3. Make Your Message “yes and” Rather than “either or”
I live in Chicago where our mayor has pushed hard for social distancing, yet she posted photos with her hair stylist in close proximity without any protective wear to be seen. In a public service announcement, she tells women, “Getting your roots done is not essential.” This is a bad example of saying “yes” on social distancing while adding an “and” that the mayor is above her own executive order.
However, what Pro-Life Action Ministries communicated is a winning “yes and” message with the statement, “Covid-19 and Abortion: Events Cancelled; Sidewalk Counseling Remains a Must.” The message makes clear that the mission of Pro-Life Action Ministries will continue by honoring the social distancing guidelines by the government and still let women know that there are other life-affirming health care services to support them during a crisis pregnancy.
I remember the classic example that free speech does not apply to yelling “fire!” in a crowded theatre, because expressing your “free speech” in that manner could cause a panic that results in harming people. The same is true for pro-life activities; if you truly believe in protecting life, then you must also support directives from the government to protect the health of others during this pandemic.
4. Promote Pro-Life Good Works that Meet Current Needs
Our family has chosen the homeschool option for our children. My wife has been teaching our girls out of our house for years. However, that is not the case for the majority of families. So when the Culture of Life Studies Program offered free digital material during the quarantine, that was a winning idea for everyone.

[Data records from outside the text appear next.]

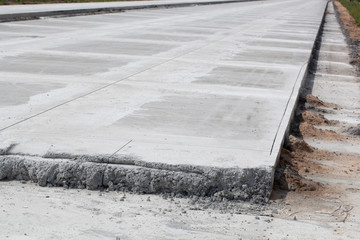 construction of a new road from concrete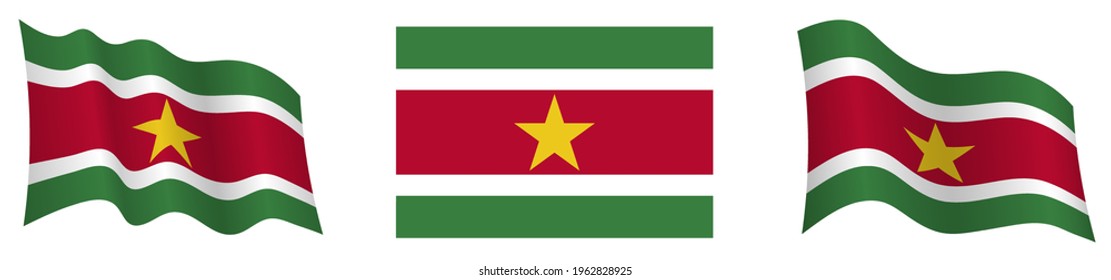 flag of Suriname in static position and in motion, fluttering in wind in exact colors and sizes, on white background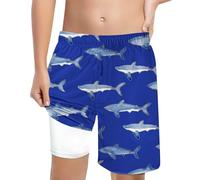 Générique Pantaloncini da Bagno Bambino Con Stampa e Vita Regolabile Comodi per Bambini 5-14 Anni Estate 2026(Blue, 130)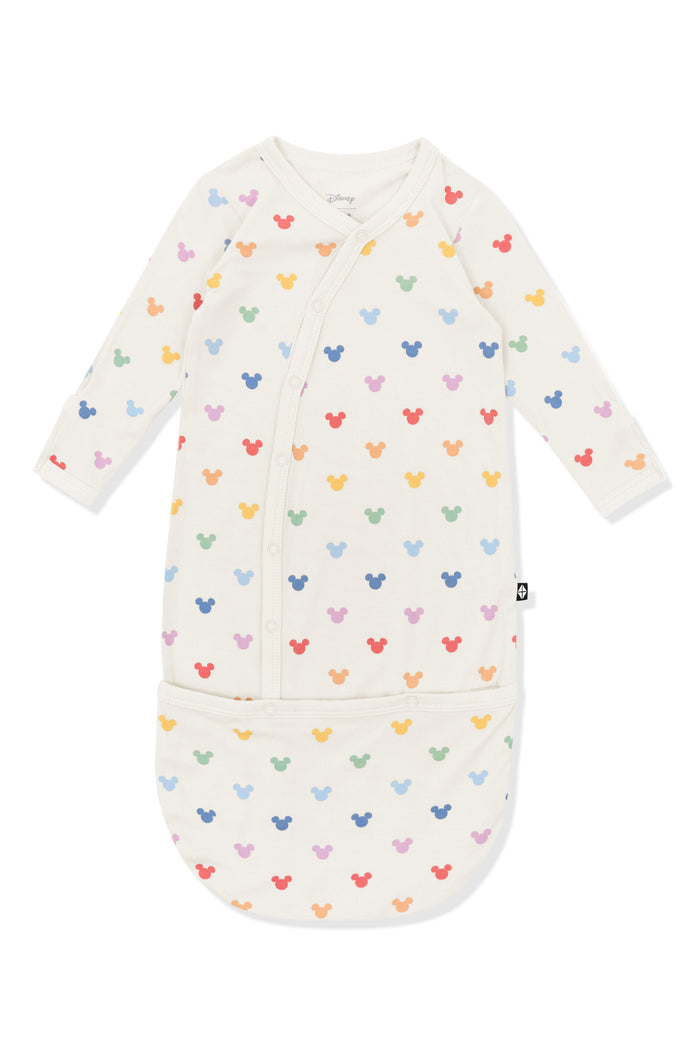 Bundler with pastel mickey mouse pattern on an oat background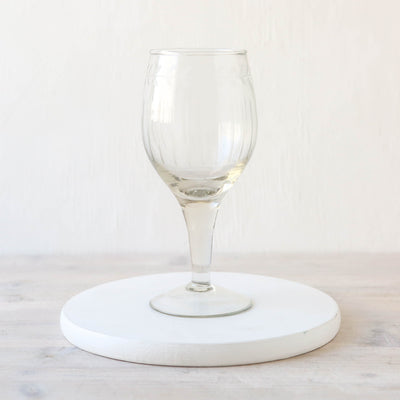 Etched Leaf & Stripe Wine Glass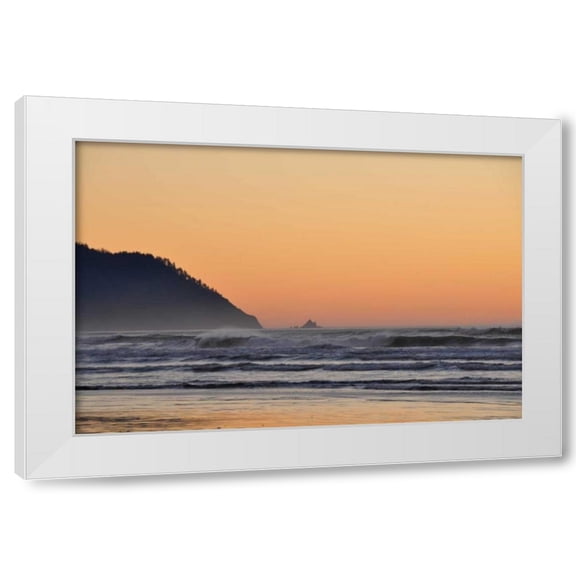 Logan Thomas 14x11 White Modern Wood Framed Wall Art Titled - Ocean Sunset I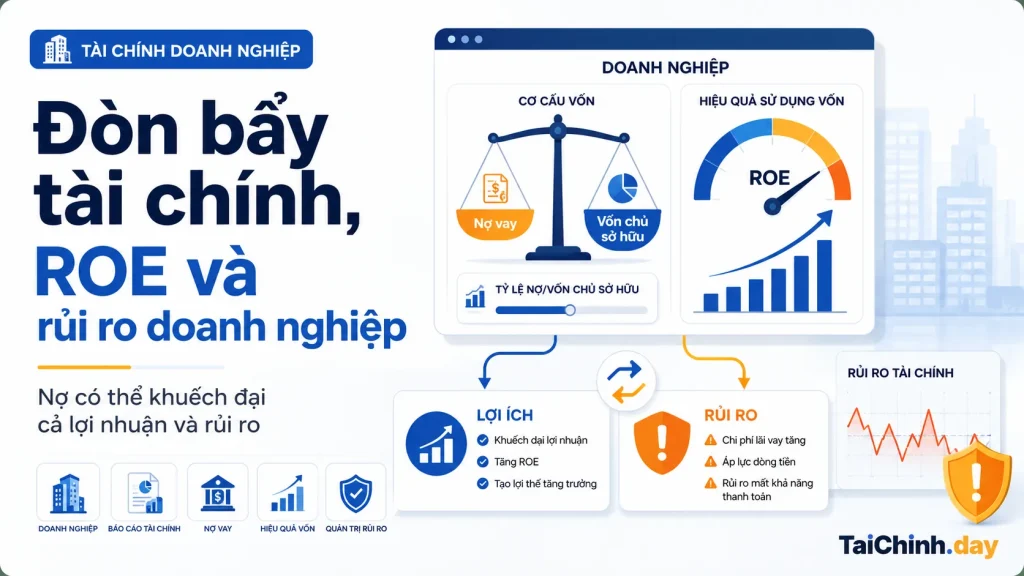 Đòn bẩy tài chính tác động đến ROE và rủi ro doanh nghiệp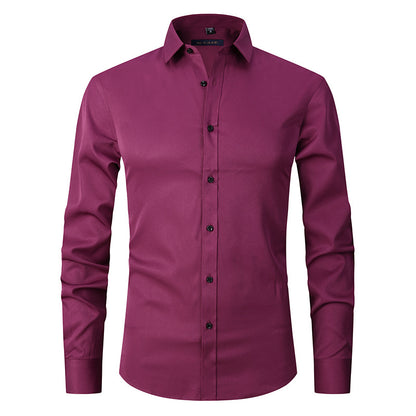 Men’s Slim Fit Long-Sleeve Elastic Shirt – Modern Casual Top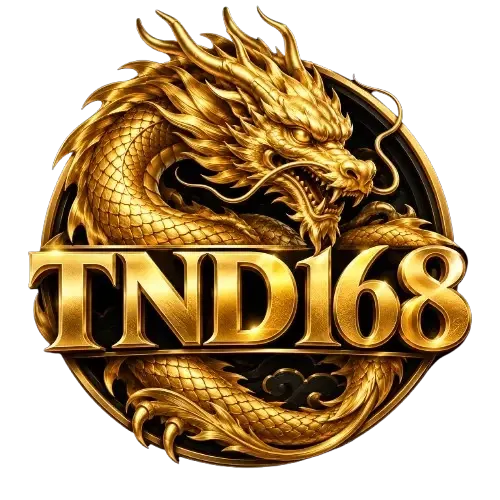โลโก้ TND168 เป็นเหรียญตรากลมพื้นดำ มีมังกรจีนสีทองขัดเงาขดตัวล้อมรอบ หัวมังกรหันไปทางขวาและอ้าปาก เกล็ดกับหนวดเก็บรายละเอียดเป็นประกายทอง ด้านล่างเป็นลายเมฆทอง และพาดกลางเหรียญเป็นคำว่า TND168 ตัวอักษรเซริฟสีทองสามมิติขอบหนา
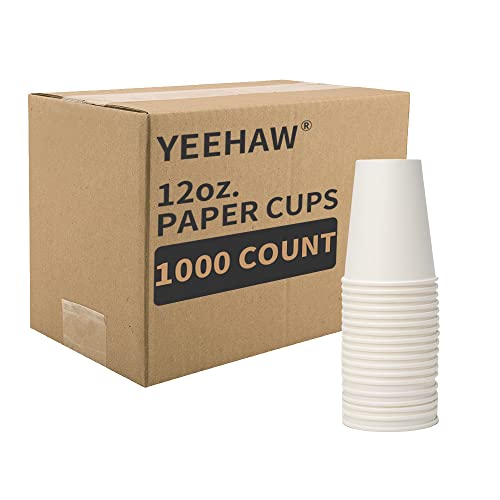 White Disposable Paper Coffee Cups 12 oz 1000 Pack - Leak-Proof, Hot & Cold Beverages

It gives pro-life parents the opportunity to supplement their home education with a curriculum that increases their children’s knowledge of and heart for the most essential subject ever: life.

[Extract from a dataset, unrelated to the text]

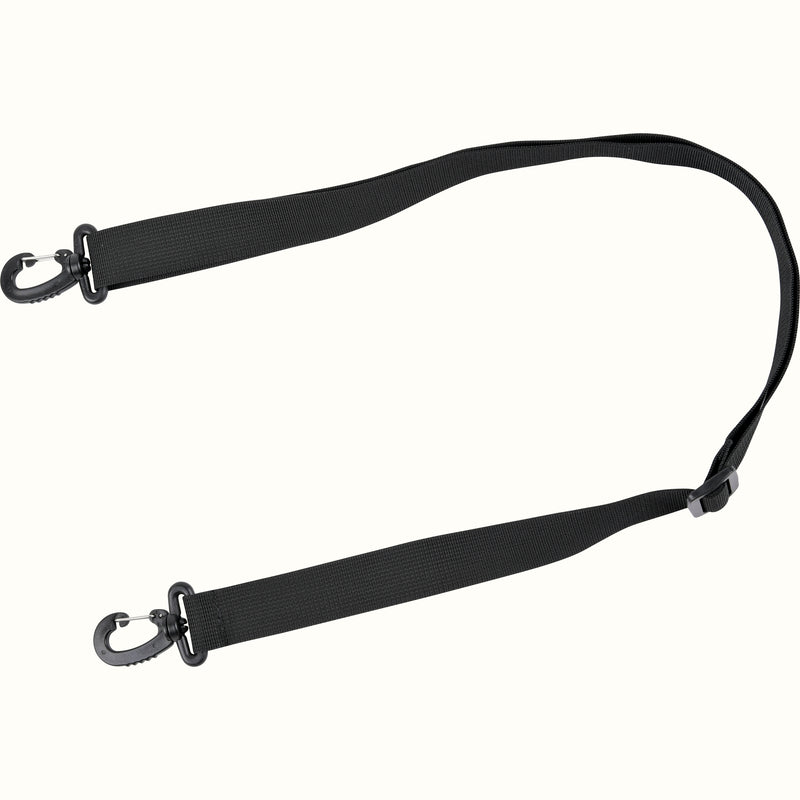 A black nylon strap with black and metal clips on both ends, displayed on a clean off-white background.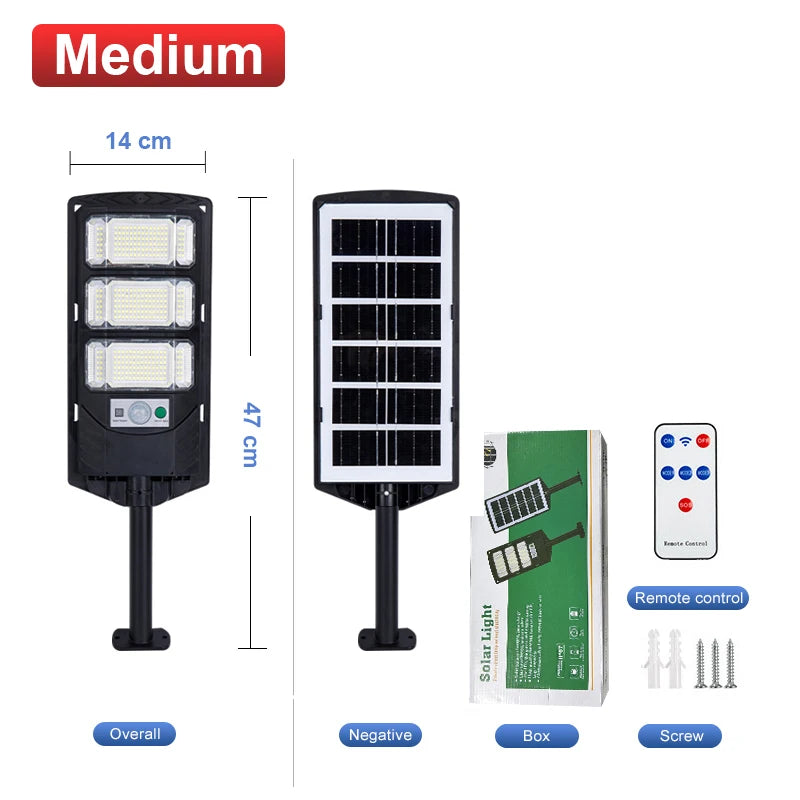 12000 LM High Power LED Solar Lights Outdoor Sunlight Motion Sensor Solar Powered Lamp Waterproof Patio Garden Street Wall Light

In the case of Students for Life of America, they used the tried and true tactic of making a list: “The Top 8 Pro-Life Things to do During Coronavirus.” The list ranges from how to thank elected officials who support the pro-life position to participating in an online diaper drive. All are perfect ideas for a generation of digital natives who can do all suggested tasks online with ease.

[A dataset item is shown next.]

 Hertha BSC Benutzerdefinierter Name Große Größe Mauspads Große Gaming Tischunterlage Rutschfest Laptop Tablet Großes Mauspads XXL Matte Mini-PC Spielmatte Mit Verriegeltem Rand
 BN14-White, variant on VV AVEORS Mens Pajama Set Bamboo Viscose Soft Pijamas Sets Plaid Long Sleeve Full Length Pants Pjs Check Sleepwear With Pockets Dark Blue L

By coming up with creative ways for a pro-life organization to blend its mission with timely added value for constituents, Students for Life of America has demonstrated that its mission can be relevant in any season, certainly well outside of the national March for Life timeframe that garners attention culminating in January.
Creating a Better News Cycle on the Abortion Issue
If you search for news on elective abortions during the COVID-19 crisis, much of the coverage focuses around state governments deciding if abortion is an “essential” or “non-essential” medical service. You will see the abortion industry crying foul when the practice is curtailed, and see some coverage of pro-life activists doing “business as usual” while appearing to ignore the crisis that has gripped the entire country. My hope is to suggest this: the winning pro-life message during the COVID-19 crisis is that of crafting a narrative that stays true to your organization’s mission of helping women and their babies in a crisis pregnancy, while finding unique points that add value well beyond the current rash of polarizing headlines that pit pro-life advocacy against abortion “rights.”